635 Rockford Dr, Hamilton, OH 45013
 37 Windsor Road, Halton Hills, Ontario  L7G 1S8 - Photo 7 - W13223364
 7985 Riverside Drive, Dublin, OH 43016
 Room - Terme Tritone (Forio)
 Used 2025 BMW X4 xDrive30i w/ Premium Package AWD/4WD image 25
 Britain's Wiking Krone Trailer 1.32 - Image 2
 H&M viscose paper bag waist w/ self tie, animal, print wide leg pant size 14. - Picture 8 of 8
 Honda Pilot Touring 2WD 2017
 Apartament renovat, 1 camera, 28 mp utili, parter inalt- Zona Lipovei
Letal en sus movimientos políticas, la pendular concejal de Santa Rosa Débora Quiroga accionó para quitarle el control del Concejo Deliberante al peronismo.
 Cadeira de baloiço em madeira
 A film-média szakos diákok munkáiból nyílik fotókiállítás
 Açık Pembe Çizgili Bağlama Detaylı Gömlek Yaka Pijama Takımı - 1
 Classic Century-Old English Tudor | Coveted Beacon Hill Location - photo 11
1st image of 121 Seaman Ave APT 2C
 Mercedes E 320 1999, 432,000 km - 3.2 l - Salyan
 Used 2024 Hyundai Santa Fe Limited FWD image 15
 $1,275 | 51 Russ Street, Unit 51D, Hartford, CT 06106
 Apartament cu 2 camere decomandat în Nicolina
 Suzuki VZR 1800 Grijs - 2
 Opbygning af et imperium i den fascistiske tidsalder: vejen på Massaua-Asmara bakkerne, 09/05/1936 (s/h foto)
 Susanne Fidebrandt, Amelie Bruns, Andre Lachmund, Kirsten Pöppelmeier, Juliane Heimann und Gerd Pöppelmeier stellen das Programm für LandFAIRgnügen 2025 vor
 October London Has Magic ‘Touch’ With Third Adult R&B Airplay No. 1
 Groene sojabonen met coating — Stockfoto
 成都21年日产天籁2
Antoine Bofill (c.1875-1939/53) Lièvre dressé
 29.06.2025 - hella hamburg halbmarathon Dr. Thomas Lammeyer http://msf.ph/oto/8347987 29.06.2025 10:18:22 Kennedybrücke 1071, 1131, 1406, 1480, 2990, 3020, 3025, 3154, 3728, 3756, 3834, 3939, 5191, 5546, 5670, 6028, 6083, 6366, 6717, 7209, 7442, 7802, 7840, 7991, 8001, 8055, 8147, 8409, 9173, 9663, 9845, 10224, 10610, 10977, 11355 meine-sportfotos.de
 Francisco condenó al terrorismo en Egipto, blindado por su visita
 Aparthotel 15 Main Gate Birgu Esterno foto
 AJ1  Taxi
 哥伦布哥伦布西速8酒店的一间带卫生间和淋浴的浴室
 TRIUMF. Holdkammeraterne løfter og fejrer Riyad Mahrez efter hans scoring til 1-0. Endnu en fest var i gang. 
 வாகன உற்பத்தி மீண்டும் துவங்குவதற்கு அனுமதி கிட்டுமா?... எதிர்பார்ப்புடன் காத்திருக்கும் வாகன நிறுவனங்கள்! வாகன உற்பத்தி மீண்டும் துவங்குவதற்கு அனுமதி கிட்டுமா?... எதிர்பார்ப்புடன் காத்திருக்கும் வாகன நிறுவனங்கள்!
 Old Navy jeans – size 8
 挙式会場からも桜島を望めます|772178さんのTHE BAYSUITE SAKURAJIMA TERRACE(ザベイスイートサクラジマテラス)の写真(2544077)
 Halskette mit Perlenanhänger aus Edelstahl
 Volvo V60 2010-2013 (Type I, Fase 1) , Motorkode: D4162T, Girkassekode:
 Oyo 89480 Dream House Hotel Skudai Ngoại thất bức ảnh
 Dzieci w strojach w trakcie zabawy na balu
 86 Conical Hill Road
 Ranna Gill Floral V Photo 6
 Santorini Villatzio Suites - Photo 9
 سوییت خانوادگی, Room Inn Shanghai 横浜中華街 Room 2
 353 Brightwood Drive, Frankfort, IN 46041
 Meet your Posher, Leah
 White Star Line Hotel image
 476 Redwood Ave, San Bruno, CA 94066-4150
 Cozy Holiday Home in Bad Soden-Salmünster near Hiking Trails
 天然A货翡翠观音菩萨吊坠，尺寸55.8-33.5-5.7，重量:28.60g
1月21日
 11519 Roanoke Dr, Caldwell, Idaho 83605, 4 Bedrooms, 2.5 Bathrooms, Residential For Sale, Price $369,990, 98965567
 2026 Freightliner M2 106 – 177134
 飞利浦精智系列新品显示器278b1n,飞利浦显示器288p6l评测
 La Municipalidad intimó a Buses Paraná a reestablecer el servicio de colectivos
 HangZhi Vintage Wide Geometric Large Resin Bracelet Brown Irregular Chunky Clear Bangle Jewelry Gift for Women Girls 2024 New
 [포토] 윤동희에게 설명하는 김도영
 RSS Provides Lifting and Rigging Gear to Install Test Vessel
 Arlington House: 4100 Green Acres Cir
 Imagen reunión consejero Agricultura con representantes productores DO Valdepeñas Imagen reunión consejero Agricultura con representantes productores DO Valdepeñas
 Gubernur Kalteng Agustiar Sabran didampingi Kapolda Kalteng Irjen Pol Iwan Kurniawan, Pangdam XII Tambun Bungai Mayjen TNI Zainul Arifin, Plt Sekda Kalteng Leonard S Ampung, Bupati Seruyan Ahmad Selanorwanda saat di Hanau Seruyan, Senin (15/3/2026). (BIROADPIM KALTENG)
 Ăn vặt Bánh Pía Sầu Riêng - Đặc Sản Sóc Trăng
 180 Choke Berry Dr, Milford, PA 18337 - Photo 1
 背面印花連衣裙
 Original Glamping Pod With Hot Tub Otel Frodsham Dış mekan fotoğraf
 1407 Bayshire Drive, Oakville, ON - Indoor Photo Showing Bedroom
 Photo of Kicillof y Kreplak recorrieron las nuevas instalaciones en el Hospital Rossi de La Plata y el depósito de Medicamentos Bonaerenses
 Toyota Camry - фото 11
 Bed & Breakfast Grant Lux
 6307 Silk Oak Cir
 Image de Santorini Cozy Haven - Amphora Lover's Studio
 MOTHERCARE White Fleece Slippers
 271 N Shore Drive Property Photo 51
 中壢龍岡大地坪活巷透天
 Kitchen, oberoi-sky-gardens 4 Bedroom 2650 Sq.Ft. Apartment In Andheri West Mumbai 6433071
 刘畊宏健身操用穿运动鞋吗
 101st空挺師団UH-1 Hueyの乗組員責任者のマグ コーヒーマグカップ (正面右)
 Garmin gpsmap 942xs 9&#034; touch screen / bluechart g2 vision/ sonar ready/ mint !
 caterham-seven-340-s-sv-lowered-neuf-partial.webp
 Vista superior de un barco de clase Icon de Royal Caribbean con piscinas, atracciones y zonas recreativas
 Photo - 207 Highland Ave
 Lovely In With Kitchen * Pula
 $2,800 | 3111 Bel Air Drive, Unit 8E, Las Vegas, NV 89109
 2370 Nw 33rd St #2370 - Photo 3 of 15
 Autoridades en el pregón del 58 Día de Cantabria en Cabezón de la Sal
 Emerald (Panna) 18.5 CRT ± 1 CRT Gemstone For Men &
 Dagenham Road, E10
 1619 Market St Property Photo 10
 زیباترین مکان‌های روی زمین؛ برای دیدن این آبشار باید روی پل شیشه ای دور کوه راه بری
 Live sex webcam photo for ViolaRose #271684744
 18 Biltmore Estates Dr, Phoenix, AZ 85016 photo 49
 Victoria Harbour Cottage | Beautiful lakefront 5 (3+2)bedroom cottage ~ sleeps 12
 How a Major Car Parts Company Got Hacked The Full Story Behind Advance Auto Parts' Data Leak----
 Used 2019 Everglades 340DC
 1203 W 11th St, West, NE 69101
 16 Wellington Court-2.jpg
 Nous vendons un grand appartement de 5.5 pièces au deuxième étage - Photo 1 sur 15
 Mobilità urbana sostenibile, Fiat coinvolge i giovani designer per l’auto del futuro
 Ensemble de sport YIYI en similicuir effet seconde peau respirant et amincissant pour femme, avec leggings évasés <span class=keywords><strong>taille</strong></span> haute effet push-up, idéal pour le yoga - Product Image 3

» **ASSIGNMENT**: Gather and copy every line of the data in which the string "White" is found.

» **OUTPUT**:
 White Star Line Hotel image
 MOTHERCARE White Fleece Slippers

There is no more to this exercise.